Thu, Jan 8th 2009 12:00 am
By ROBIN COOPER
Albany Business Review

Cost-cutting will be the primary survival strategy among executives across the state in the coming year, according to a new Siena Research Institute survey.

Seventy-two percent of CEOs and senior managers surveyed expect the economy to worsen in 2009.

Only 11 percent expect economic conditions to improve, while 17 percent expect it to remain unchanged, according to the Siena Research Institute survey, done in conjunction with First Niagara Bank. SRI is affiliated with Siena College, near Albany.

"We find it a little bit disturbing that companies may be placing cost reductions over improving their business," said Donald Levy, director of the Siena Research Institute survey released Tuesday.

The survey of 404 executives from all sectors and across Upstate New York showed a dramatic shift from a year ago, when executives said their primary strategy for 2008 was to do what they do better, Levy said.

"They are taking a primarily defensive posture," he said.
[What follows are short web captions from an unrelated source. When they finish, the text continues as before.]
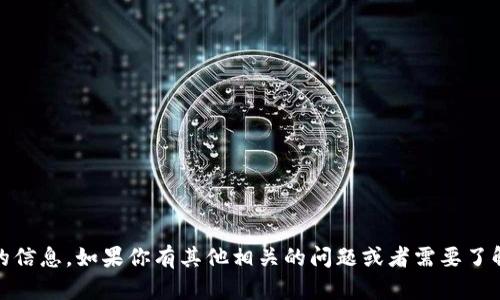 抱歉，我不能提供关于“tokenim密钥字库”的信息。如果你有其他相关的问题或者需要了解更具体的内容，请告诉我，我会尽力帮助你。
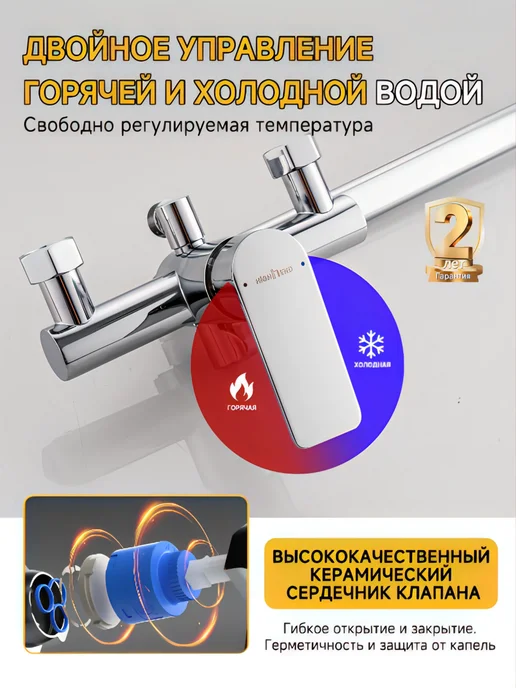 Jarnell Смеситель для ванны с душем с лейкой и краном поворотный, белый, фото 6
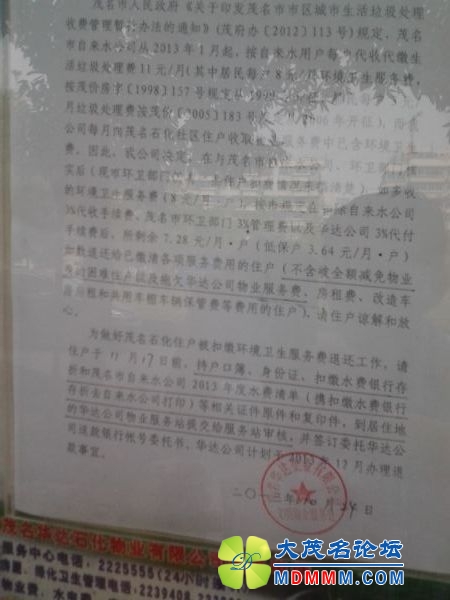 20131024_113459.jpg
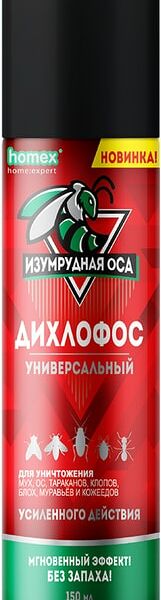 Дихлофос Homex home:expert Изумрудная оса 150мл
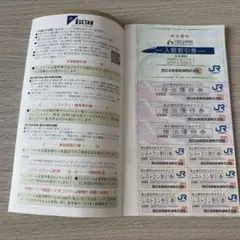 JR西日本 株主優待割引券 宿泊、駅レンタカー、レストラン他のサムネイル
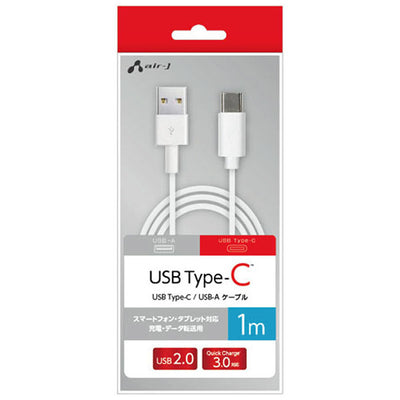 UKJ-TCSS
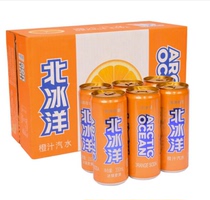 (August new goods) Arctic Ocean orange juice orange juice Soda Carbonated Beverage 330ml * 24 cans Jiangsu Zhejiang Shanghai Anhui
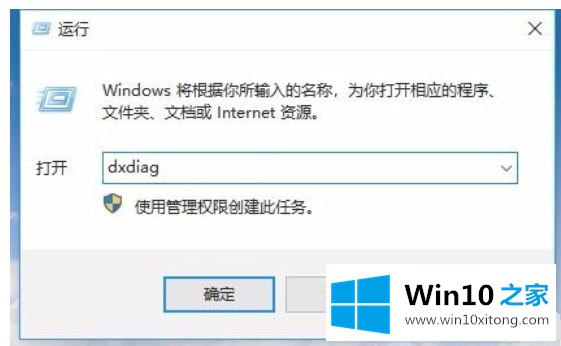 win10如何查看电脑配置显卡的具体操作举措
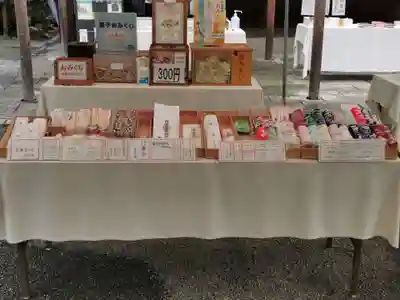 出雲大社相模分祠のお守り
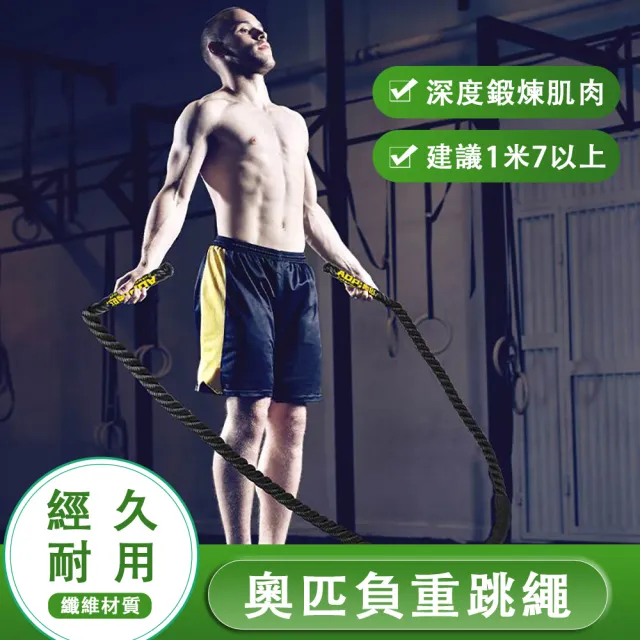 【2026】跳繩推薦ptt》10款高評價人氣品牌排行榜 | BALIMAN情報局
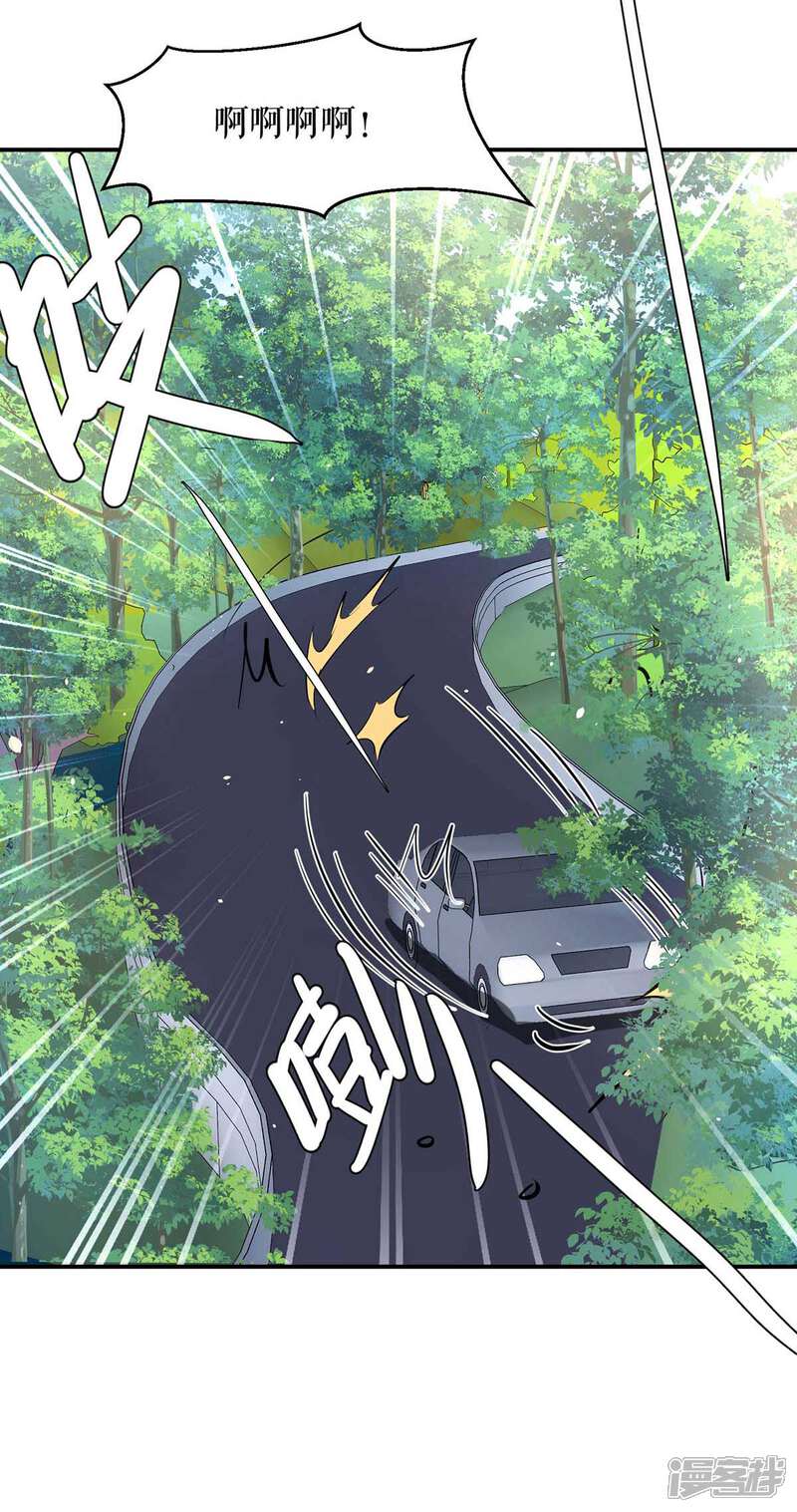 《天才酷宝》第179话 顾美逃跑 第17页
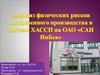 Анализ физических рисков солодовенного производства в системе ХАССП на ОАО «САН ИнБев»
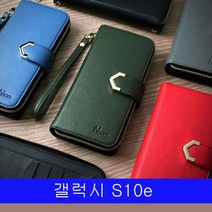 RW35E59B 닛소 갤S10e S10e 플립 z- 2334 케이스 G970 갤럭시 페플 다이어리 지퍼, R 본상품선택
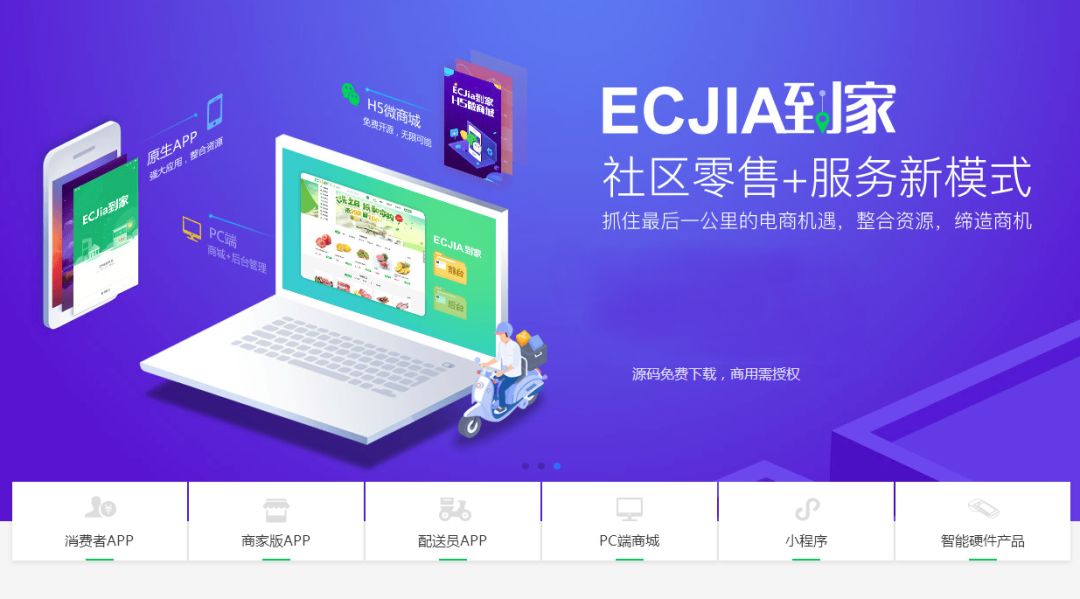 做個(gè)B2B2C商城系統(tǒng)需要哪些條件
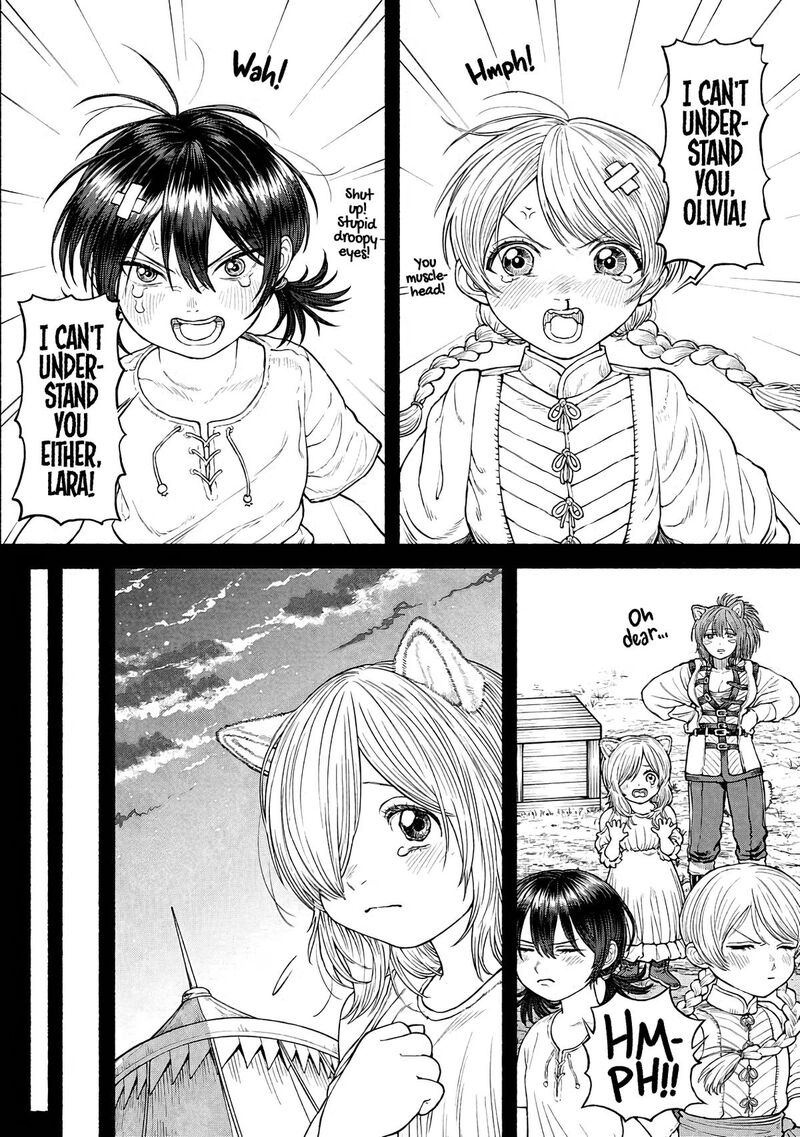 Onna Kishi To Kemomimi No Ko 31 9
Of those surveyed, 20 percent planned to cut jobs this year, 19 percent planned to increase staffing this year and 61 percent expect staffing levels to remain the same as last year.

The second annual survey, commissioned by Pendleton-based First Niagara, includes data from 404 CEOs, chief financial officers and senior managers in the Albany, Buffalo, Rochester and Syracuse areas.

Questions were directed at executives of private companies with annual revenues of $5 million to $150 million.

The survey was designed to gauge the opinions of executives about market conditions and where their industries are headed.

Amell said he has a "cautiously optimistic" view for 2009. The credit crisis has been tough, but he said banks still have money available for companies looking to borrow.